The answer should contain every record below, output exactly.

EXERCISE MATERIAL section start

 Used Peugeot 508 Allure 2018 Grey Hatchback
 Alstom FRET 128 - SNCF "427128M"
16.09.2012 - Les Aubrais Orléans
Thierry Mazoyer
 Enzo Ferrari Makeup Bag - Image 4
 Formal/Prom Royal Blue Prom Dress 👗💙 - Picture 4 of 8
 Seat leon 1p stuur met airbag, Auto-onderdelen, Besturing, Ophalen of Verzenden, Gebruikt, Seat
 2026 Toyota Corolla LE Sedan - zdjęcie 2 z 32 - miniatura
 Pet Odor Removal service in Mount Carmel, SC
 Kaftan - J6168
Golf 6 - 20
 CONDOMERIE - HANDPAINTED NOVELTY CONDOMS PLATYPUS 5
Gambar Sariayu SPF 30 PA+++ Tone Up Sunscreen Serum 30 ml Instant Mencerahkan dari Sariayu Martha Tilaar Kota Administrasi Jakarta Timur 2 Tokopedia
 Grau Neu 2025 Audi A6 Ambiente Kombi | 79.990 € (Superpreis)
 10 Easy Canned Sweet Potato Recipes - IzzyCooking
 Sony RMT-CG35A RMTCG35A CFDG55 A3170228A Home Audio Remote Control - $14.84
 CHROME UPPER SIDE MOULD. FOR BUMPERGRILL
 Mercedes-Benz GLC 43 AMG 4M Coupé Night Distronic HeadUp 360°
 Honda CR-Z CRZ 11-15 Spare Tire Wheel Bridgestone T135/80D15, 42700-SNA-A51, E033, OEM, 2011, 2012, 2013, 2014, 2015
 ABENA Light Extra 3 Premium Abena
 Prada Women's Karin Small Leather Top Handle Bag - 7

EXERCISE MATERIAL section end

RESULT OF THIS EXERCISE:
 Used Peugeot 508 Allure 2018 Grey Hatchback
 Alstom FRET 128 - SNCF "427128M"
16.09.2012 - Les Aubrais Orléans
Thierry Mazoyer
 Enzo Ferrari Makeup Bag - Image 4
 Formal/Prom Royal Blue Prom Dress 👗💙 - Picture 4 of 8
 Seat leon 1p stuur met airbag, Auto-onderdelen, Besturing, Ophalen of Verzenden, Gebruikt, Seat
 2026 Toyota Corolla LE Sedan - zdjęcie 2 z 32 - miniatura
 Pet Odor Removal service in Mount Carmel, SC
 Kaftan - J6168
Golf 6 - 20
 CONDOMERIE - HANDPAINTED NOVELTY CONDOMS PLATYPUS 5
Gambar Sariayu SPF 30 PA+++ Tone Up Sunscreen Serum 30 ml Instant Mencerahkan dari Sariayu Martha Tilaar Kota Administrasi Jakarta Timur 2 Tokopedia
 Grau Neu 2025 Audi A6 Ambiente Kombi | 79.990 € (Superpreis)
 10 Easy Canned Sweet Potato Recipes - IzzyCooking
 Sony RMT-CG35A RMTCG35A CFDG55 A3170228A Home Audio Remote Control - $14.84
 CHROME UPPER SIDE MOULD. FOR BUMPERGRILL
 Mercedes-Benz GLC 43 AMG 4M Coupé Night Distronic HeadUp 360°
 Honda CR-Z CRZ 11-15 Spare Tire Wheel Bridgestone T135/80D15, 42700-SNA-A51, E033, OEM, 2011, 2012, 2013, 2014, 2015
 ABENA Light Extra 3 Premium Abena
 Prada Women's Karin Small Leather Top Handle Bag - 7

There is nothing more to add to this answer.